Judge: Joseph Lipner, Case: 21SRCV37974, Date: 2023-10-03 Tentative Ruling
Case Number: 21SRCV37974 Hearing Date: October 3, 2023 Dept: 72
SUPERIOR COURT OF CALIFORNIA
COUNTY OF LOS ANGELES
DEPARTMENT 72
TENTATIVE RULING
WEST CASITAS, LLC, Plaintiff, v. SWING HOUSE STAGES, INC., et al., Defendants. |
Case No: 21STCV37974 RULING ON MOTION FOR ATTORNEYS’ FEES Hearing Date: October 3, 2023 Calendar
Number: 2 |
SWING HOUSE STAGES, INC., et al.,
Cross-Complainants, v. WEST CASITAS, LLC, et al.,
Cross-Defendants. |
|
Cross-Defendants
Kanon Ventures, LLC, Mark Beskind, Jeff Stauffer, Ara Tavitian, and Avedis Tavitian
(“the Kanon Parties”) move for an award of attorneys’ fees against
cross-complainants Swing House Stages, Inc. (“Swing House”) and Genoveva Winsen
(“Winsen”) (collectively “Cross-Complainants”) in the amount of $326,469.76.
The Court
DENIES the motion as to Cross-Complainant Genoveva Winsen. The Court GRANTS the motion as to Cross-Complainant Swing House
Stages, Inc., but deferred for further briefing the amount of the attorney’s
fees. The Court sets a hearing for November 21, 2023, at
8:30 am to hear argument on a reasonable amount of fees to be awarded against
Cross-Complainant Swing House in favor of Cross-Defendants the Kanon
Parties. The Court sets further briefing
in accordance with the schedule below.
Background
On October
14, 2021, plaintiff/cross-defendant West Casitas, LLC sued
defendant/cross-complainant Swing House Stages, Inc., asserting one cause of
action for breach of lease. According to the complaint, Swing House rented a
commercial space from West Casitas beginning in 2014. In April 2020, concurrent
with the onset of the COVID-19 pandemic, Swing House stopped paying rent. As of
October 1, 2021, shortly before West Casitas sued, Swing House had accrued
approximately $430,000 in rent arrears.
On March 28,
2022, Swing House and a new party, Genoveva Winsen, cross-complained against
West Casitas as well as Kanon Ventures, LLC and four individuals: Mark Beskind,
Jeff Stauffer, Avedis Tavitian, and Ara Tavitian.
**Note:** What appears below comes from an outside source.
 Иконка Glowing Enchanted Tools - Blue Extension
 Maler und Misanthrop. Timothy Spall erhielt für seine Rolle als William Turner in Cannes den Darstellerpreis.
Cross-Complainants asserted
causes of action for (1) breach of lease, (2) breach of the implied covenant of
good faith and fair dealing, (3) intentional fraud, (4) fraud by negligence,
(5) fraud by concealment, (6) discrimination, (7) sexual harassment, (8) unfair
business practices, (9) declaratory relief, and violations of (10) state and (11)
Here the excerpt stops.